## [Task item]
Give back the lines below verbatim, omitting all pictures.

Collected data entries
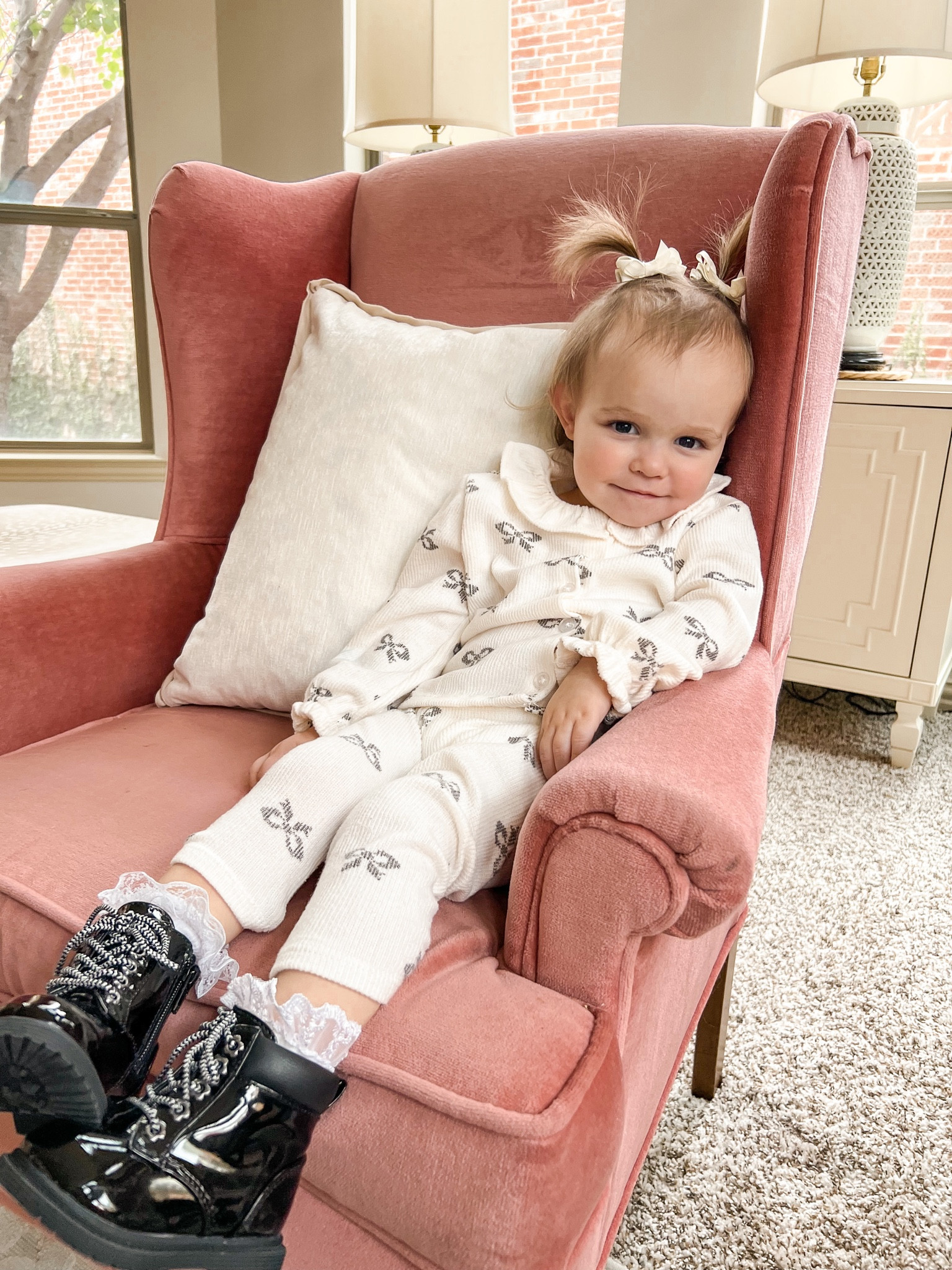 Merritts outfit is now only $8! 
Walmart 
Baby girl 
Baby style 
Bows 
Southern style

#LTKbaby #LTKkids #LTKfamily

## [Answer to the problem]
 Merritts outfit is now only $8! 
Walmart 
Baby girl 
Baby style 
Bows 
Southern style

#LTKbaby #LTKkids #LTKfamily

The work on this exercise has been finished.